The three interludes by Mark Bowden were drawn from an as yet unnamed opera commissioned by the Welsh National Opera and were in the nature of a suite designed to show off the orchestral sections of the score which revolves around a city beneath the sea in a dystopian future. The excerpts totalled around half the length of the announced twenty minutes but did form a suitable set of illustrative passages. The composer informed us that the three sections were intended to form part of a set of six interludes, although he went out of the way to disclaim any parallels with Britten’s Sea Interludes from Peter Grimes. Of the three pieces here, the second Shore movement was particularly effective as an illustration of a desolate polluted wasteland and will doubtless seize the attention of an opera audience in the theatre.
Hoddinott’s Dragon Fire, originally commissioned for the 70th anniversary of this orchestra, was a similarly theatrical work. I remarked, when reviewing a performance for this site back in 2014, that it sounded somewhat like a soundtrack for an imaginary film—and the score had a decidedly dramatic impact. Here B Tommy Andersson emphasised the structural integrity of the music as well, and what had seemed before like purely atmospheric effects on the wind machine and thunder sheet assumed their place as an integral component of the percussion section. Indeed, the work is to all intents and purposes a percussion concerto for multiple players, as well as having smaller units linked together in a three-movement pattern. The central slow section develops a melodic string cantilena which gathers real emotional force, and again one suspects the presence of an undeclared programme underlying the notes. This is Hoddinott’s score which really deserves a commercial recording…
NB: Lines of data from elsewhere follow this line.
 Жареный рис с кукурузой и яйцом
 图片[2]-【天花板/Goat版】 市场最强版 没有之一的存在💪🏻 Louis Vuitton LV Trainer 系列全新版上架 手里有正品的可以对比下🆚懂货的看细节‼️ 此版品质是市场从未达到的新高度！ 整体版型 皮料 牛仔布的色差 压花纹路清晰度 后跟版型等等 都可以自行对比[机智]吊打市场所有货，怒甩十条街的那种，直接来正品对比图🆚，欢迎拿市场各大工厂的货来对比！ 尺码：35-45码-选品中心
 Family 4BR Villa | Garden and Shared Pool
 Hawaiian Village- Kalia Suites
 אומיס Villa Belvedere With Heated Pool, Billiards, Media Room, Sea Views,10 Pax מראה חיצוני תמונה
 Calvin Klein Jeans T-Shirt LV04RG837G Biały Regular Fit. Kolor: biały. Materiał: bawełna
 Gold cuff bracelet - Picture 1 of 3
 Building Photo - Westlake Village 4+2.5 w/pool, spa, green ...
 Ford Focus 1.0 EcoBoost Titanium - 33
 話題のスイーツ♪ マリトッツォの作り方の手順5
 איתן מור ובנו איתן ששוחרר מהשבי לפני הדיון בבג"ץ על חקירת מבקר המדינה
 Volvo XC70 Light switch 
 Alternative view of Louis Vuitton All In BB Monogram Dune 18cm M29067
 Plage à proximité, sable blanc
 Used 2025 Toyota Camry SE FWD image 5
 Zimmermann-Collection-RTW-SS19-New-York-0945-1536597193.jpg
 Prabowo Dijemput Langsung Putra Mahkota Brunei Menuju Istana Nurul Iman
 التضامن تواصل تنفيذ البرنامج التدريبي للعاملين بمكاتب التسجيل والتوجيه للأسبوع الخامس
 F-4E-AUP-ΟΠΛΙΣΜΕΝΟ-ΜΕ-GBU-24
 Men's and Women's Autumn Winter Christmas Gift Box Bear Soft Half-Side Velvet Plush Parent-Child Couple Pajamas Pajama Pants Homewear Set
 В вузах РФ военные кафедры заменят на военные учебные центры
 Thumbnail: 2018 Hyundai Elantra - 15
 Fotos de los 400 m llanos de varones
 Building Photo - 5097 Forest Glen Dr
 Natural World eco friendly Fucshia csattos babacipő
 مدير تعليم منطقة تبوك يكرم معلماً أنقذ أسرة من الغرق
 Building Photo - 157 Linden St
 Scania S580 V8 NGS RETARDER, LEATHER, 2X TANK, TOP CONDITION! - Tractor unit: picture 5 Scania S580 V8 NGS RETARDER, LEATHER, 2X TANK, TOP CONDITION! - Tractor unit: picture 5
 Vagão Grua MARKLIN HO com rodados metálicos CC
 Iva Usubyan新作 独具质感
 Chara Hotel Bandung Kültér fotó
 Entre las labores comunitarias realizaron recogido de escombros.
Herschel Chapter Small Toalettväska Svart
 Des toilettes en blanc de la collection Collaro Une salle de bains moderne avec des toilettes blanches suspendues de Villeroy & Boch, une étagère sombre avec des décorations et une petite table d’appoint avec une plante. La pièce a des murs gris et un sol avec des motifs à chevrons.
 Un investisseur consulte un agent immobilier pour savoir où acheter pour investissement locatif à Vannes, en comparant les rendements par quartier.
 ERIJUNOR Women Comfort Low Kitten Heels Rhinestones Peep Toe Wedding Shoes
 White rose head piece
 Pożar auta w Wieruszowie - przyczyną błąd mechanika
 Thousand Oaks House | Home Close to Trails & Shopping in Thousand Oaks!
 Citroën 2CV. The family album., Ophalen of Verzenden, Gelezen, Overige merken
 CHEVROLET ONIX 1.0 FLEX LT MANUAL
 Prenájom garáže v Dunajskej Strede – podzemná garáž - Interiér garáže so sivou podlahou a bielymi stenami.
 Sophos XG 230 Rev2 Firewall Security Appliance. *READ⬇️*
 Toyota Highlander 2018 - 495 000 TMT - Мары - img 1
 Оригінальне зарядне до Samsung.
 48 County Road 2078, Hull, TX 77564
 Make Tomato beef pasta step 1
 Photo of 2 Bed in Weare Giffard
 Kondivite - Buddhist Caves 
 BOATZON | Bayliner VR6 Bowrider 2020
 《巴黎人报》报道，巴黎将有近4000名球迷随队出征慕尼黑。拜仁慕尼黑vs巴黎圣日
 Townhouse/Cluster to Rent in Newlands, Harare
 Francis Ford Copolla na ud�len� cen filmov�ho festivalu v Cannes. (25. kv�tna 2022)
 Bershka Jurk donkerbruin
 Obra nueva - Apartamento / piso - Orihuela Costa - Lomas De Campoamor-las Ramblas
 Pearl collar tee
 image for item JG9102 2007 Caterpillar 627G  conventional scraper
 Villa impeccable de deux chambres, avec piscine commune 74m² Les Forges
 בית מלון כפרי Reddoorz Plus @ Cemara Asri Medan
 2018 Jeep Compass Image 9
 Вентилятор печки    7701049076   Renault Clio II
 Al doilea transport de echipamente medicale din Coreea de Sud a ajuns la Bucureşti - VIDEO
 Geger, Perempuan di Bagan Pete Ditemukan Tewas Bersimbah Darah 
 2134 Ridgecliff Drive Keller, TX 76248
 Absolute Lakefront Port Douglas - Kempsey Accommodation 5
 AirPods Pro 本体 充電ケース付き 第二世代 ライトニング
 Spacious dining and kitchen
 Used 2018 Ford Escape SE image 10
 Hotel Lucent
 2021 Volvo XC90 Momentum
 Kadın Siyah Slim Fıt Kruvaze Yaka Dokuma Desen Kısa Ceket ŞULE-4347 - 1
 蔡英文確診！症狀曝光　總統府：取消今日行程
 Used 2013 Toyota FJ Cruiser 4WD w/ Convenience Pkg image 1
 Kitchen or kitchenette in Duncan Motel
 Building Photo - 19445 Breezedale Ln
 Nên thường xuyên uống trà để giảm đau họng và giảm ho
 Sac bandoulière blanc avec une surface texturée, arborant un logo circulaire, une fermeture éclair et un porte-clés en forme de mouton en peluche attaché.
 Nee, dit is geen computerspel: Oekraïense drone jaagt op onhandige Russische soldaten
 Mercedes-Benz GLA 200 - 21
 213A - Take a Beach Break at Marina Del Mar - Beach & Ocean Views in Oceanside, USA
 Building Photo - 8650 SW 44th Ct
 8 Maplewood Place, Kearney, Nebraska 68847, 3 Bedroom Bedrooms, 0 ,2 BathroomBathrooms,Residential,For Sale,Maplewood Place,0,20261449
… as does Mared Emlyn’s Porthor. The piece is based on the famous ‘whistling sands’ of the beach in North Wales which (given the right conditions) will squeak beneath the feet of those who walk on it. The main material is a very beautiful rhapsodic contemplation of nature launched by the cor anglais, and this is contrasted with percussive textures which—the composer informed us in a discussion with Steph Power—were intended to convey the grains of sand rubbing against each other. The dark textures and the light are superbly well contrasted in what becomes in effect an example of that supposedly dying musical form, the tone poem. I am sure that this piece, given sufficient exposure, would establish itself in the mainstream repertory of orchestras outside Wales. It should be given that opportunity.
The central item on this programme, and the longest, was the UK première of the conductor’s own violin concerto, featuring no less a soloist than Chloë Hanslip. She found herself on occasions overwhelmed by the enthusiastic orchestration of Andersson, especially in the outer movements, but the results were always exciting, and she never totally submerged beneath the welter of sound that the composer was conjuring from his players. The music itself suggested a number of influences in turn. Beginning with Bartók, it migrated into the territory of Szymanowski and then Barber before setting in the extended slow movement firmly into the rich realm of Strauss (think of the elaborate textures of Metamorphosen or the closing scene of Daphne). The results were enthralling, with Hanslip’s solo line thrilling over the elaborately divided strings below in a manner that evoked the world of Michelangelo’s poetry to which the subtitle of the concerto alluded. Andersson has apparently set some of these poems as songs; I would love to hear them, especially if they came in orchestral versions with this same sort of luxuriance. Even die-hard modernists in the hall (and there were a goodly number of academics and other professionals represented) were moved. The concert is being broadcast as part of Radio 3’s late-evening Hear and Now slot at some future date, but I would hope that this violin concerto might also find exposure outside the purely new music field where I am sure it would find an appreciative audience. Any chance of Chloë Hanslip providing us with a commercial recording?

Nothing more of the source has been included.